Joe in Marketing has a local SQL Server Express (the free edition) database that he uses to manage mailshots and he wants to get the contact details for yesterday's mailshot from the core business data which is in The Cloud.
To answer the query shown on the left the database server, the program that reads and writes to the database as in nearly all modern systems that is a separate program to your own application, has to
- Create a list of customer ids from LocalMailShotTable that had the relevant mailshot.
- Read the table CloudCustomerTable to get the telephone numbers for those customer ids.
When both tables are either in the same database or on the same server the list of customer ids can be held in RAM.
When the two are separated by one being in The Cloud and one on a computer within the business a step needs to be taken that is transparent to the user but is highly resource intensive.
Assuming that the request is being processed locally with the CloudCustomerTable in the cloud and the LocalMailShotTable is local to the business then the database server has no choice but to.
- Download the list of ALL customers from The Cloud via the company's internet connection.
- Bring this list into the database and index it, this is a quite resource intensive process as the data has to be written to the disc.
Modern servers deliver very high levels of performance by storing in RAM the data that is most often used, anything that reads and writes to the disc dramatically reduces that performance.
- Create the list of customers who had the mailshot and find the matching customer details from the temporarily downloaded list of all customer.
The request could be processed by the database server in The Cloud where the options would be the other way around, uploading all the mailshot information instead.
What the database server is not capable of doing is recognising that it could reduce the problem by getting the customers locally, transferring this list to The Cloud, running a new query on The Cloud database server that uses the list uploaded and then pass back just the results to the local database server.
Which is good because the security consequences of allowing such behaviour would be unacceptable.
As this happens in the background "Joe in marketing" may not even be aware that he is downloading huge chunks of data, slowing the company's internet connection and incurring data transfer, CPU and disk usage costs.
If you give this query to IT and get a programmer to do it, he would do what I have just said that the server can't do as it is the most efficient solution to the problem.
This step of uploading a file is always going to be a bottleneck which gets worse as the queries become more complex, turning a trivial task into one that needs thinking about.
So the ad hoc nature of using a PC is heavily compromised by either needing to set up advanced queries or run very inefficient queries that used to take a couple of seconds and now take a minute or so and are charged for.
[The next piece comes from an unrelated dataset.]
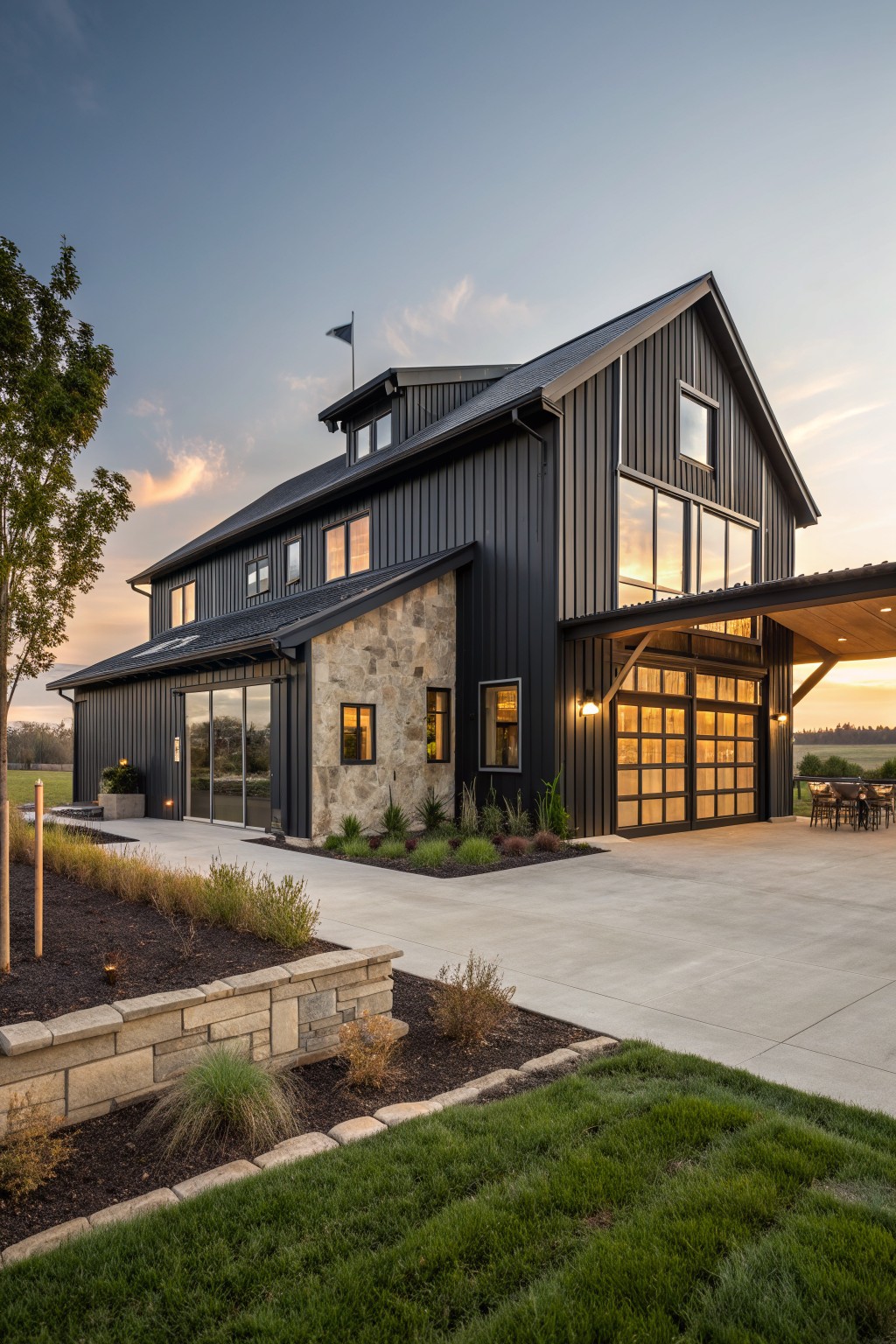 Modern black barn-style home with stone accents, large windows, and glowing garage at sunset.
So now added to the possible cloud server costs the employee is getting frustrated, "I could do this before upgrading to the cloud".
As this is a trivial example it is easy to find ways around it, for example at 7am you could make a local copy of the customer data. Then when things go wrong and you have to work with yesterday's data which means that the report xyz gives different total to report abc because they are using different customer databases what do you do?
In highly formalised companies this may be less of an issue, the financial controller and his department may not have the interest or the necessary security permissions to query the database and all queries go via IT anyway.
The real point is did you think about this when deciding to put your data into the cloud?